Rencontre avec Françoise Héritier

Pourquoi la domination sexuelle ?

Selon Françoise Héritier, la domination masculine n'est pas un accident de l'histoire, mais un universel des sociétés humaines. Il a sa source dans l'asymétrie profonde qui donne pouvoir aux femmes de procréer des enfants des deux sexes. Comment peut-on envisager d'en venir à bout ?

Sciences Humaines : Voilà deux ouvrages que vous publiez sur la question du rapport inégal entre les sexes, et sur le fondement de l'infériorisation du sexe féminin dans les sociétés humaines. D'où vous vient cet intérêt pour une thématique qui appartient plus couramment au domaine social et politique ? De vos travaux d'ethnologue en Afrique ou d'expériences personnelles de la condition féminine, telle qu'elle est vécue en Europe ?

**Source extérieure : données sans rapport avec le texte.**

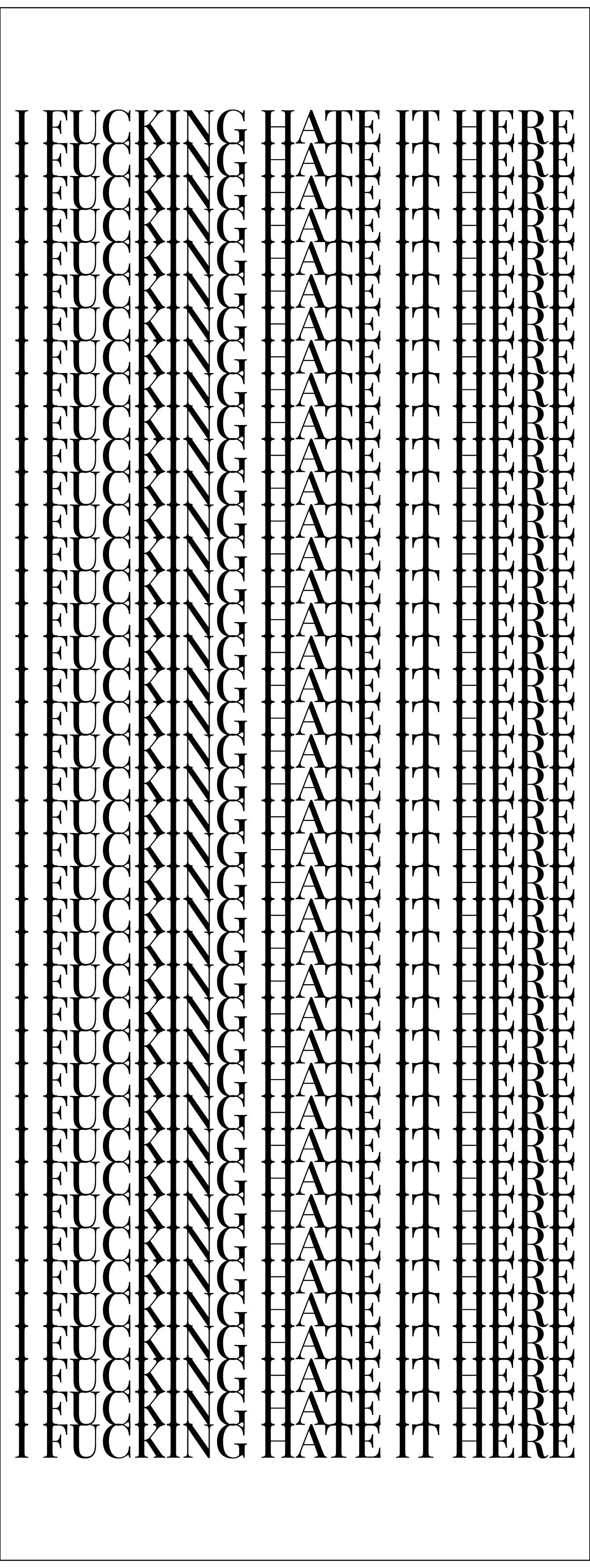 I Fucking Hate It Here Mug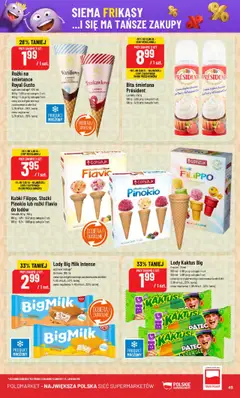 POLOmarket Gazetka od 23.07.2025 | Strona: 45 | Produkty: Mango, Śmietana, Lody Kaktus, Lody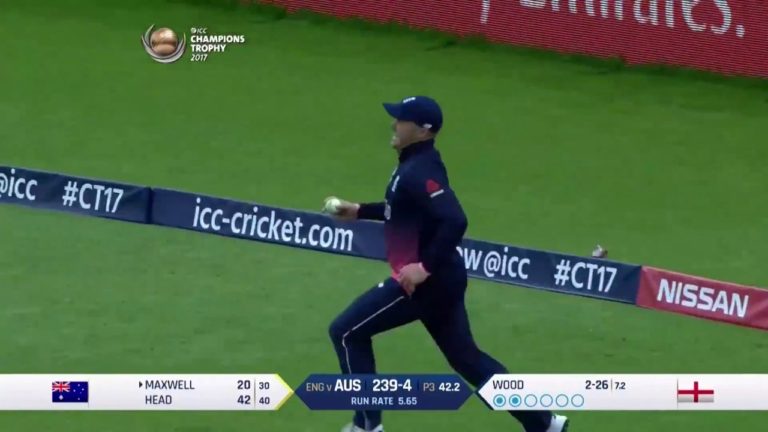 Jason Roy’s athletic catch! #ENGvAUS Nissan Play of the Day #CT17
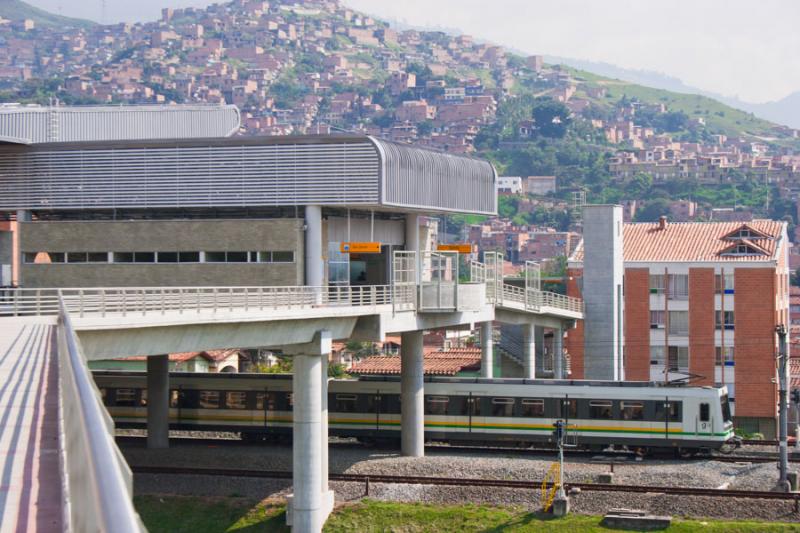 Estacion San Javier, Medellin, Antioquia, Colombia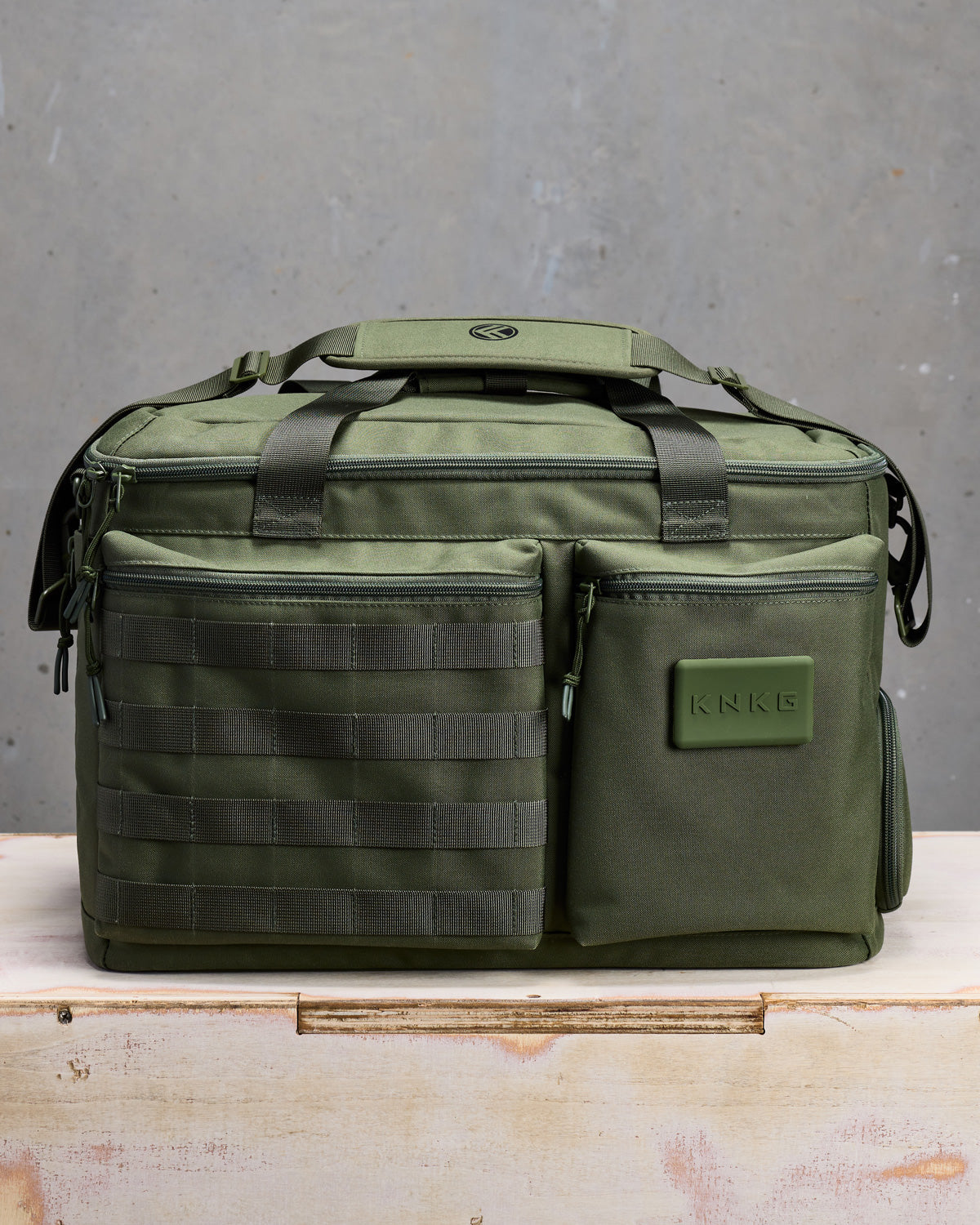 KNKG Conquer Duffel Green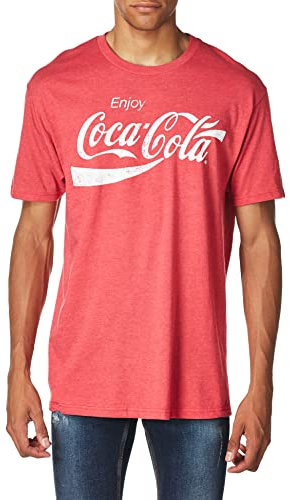 Coca-Cola Men's Coke Classic T-Shirt, Red Heather, XL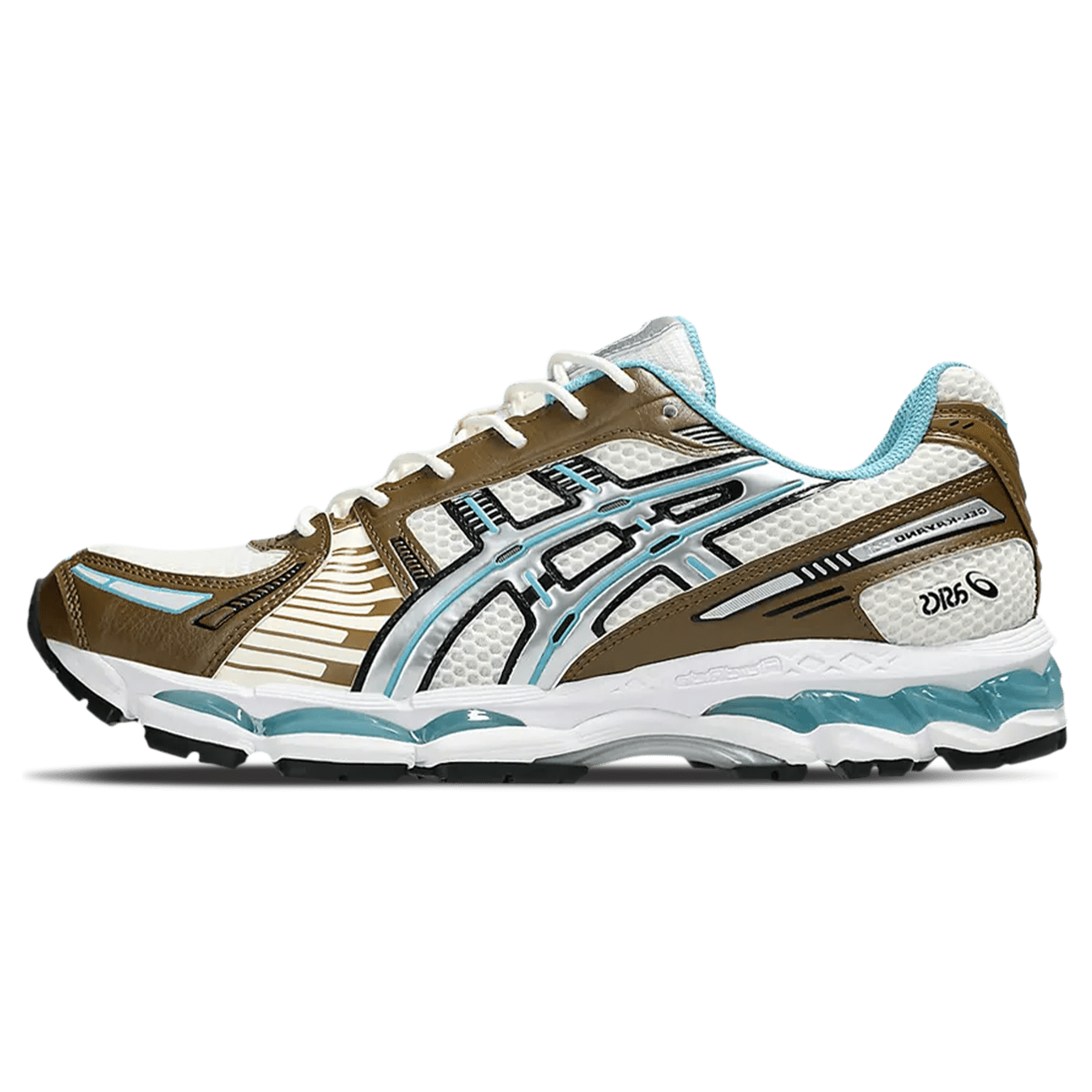 ASICS Gel Kayano 12.1 'Cream Stillwater' — UK 3 | EU 36 | US 4 — Front View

Françoise Héritier: Je ne me suis pas posé directement la question du rapport hiérarchique entre les sexes tel qu'on pouvait l'observer sur mon terrain africain, ni même dans ma propre société, bien que j'aie observé des faits troublants. Lorsque j'ai commencé mes études, dans les années 50, il existait une licence d'histoire et géographie pour les filles, et deux licences séparées, d'histoire et de géographie pour les garçons. La raison invoquée de cette discrimination était que les filles n'avaient pas la capacité de s'adonner exclusivement à la géographie... La géographie, qui passe aujourd'hui pour une science sociale, donc « molle », semblait trop exigeante sur le plan technique pour les filles. C'est un exemple vécu de la discrimination sexuelle qui régnait alors sur le plan intellectuel.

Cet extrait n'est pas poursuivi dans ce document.